佐々木くんにさっきの動画を消すように連絡したところ「今回琴音が見事に赤点を回避
し、今後も琴音の勉強を見てくれるなら消す」と返信がきた。私は「了解した、約束は破
らないでね?」と返した。
そして次に竜胆さんのスマホから動画を消すための作戦を始める。
「竜胆さん、佐々木くんのレインが送られてないからもう1回送ってもらってもいいか
な?」
竜胆さんのスマホを奪うためにはまず意識を私から外す。ロックを解除してもらうため
にスマホを操作してもらう。
「送れてなかった? じゃあ、おく……」
スパっと手を横に薙ぎ、スマホを奪う。そしてすぐに竜胆さんから背を向けて動画を削
除する。
「わっ、返してよ!」
「はい、どうぞ」
動画の削除が終わったのでスマホを返した。
「あー! 春原さんの武勇伝が消えてる!」
「ごめんね、どうしても拡散されたくなかったから消しちゃった」
「ひどいよ、春原さん。あんなに面白い動画を消すなんて」
こっちのセリフよ。勉強を教えに来たのに遊んでばっかりで、教える側の立場になってほしいわ。
「はいはい、ごめんなさい。勉強再開するわよ。
オリエント文明っていうのは、ティグリス・ユーフラテス川流域のメソポタミア文明とナイル川流域のエジプト文明の二つの文明なの。

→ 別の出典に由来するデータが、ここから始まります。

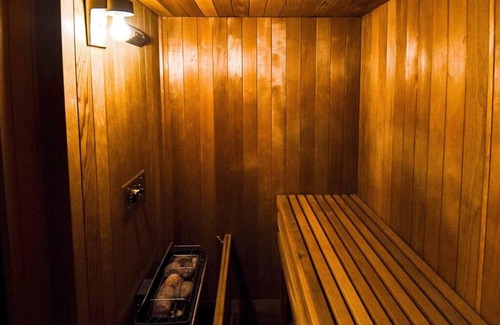 Mount Jackson House | Free Resort Passes - Hot Tub - Sauna - Views - Fast Wi-Fi - Pet Friendly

……ってもう眠そうだね」
勉強再開数秒で竜胆さんはウトウトしていた。
「世界史ってなじみがないカタカナの言葉がいっぱい出てくるから話聞いているだけで眠くなってくるんだよね」
竜胆さんにしては珍しく真っ当な苦手な理由を述べた。
「なるほど、インプット中心だと退屈するよね。アウトプットも混ぜながら解説するよ」
「今まで歯の治療してたの? あたしは別に歯は悪くないよ」
「違うよ、それはインプラントね。インプットとアウトプット。インプットは知識や情報を取得すること、アウトプットは得た知識や情報で問題を解いたり、行動を起こしたりすること。
わかった?」
「ばっちり!」
竜胆さんは満面の笑みで親指を立てる。
「インプットとアウトプットについて説明してみて」
「ソフトキャンディの中にグミが入っているお菓子が口の中にある状態をインプット、ソフトキャンディの中にグミが入っているお菓子が口の中にない状態をアウトプットだよね?」
「それじゃ、インぷっちょとアウトぷっちょだね。竜胆さんは真面目に答えてるの?」
「大まじめだぜ」
嘘をついているようには見えない顔で言い切られた。
正直、ぷっちょのことを「ソフトキャンディの中にグミが入っているお菓子」と表現する人を本気で答えているようには見えないけど、表情から嘘をついているようにも見えない。だから怒れず、いらいらがたまっていく。
「正解はインプットとアウトプットだよ。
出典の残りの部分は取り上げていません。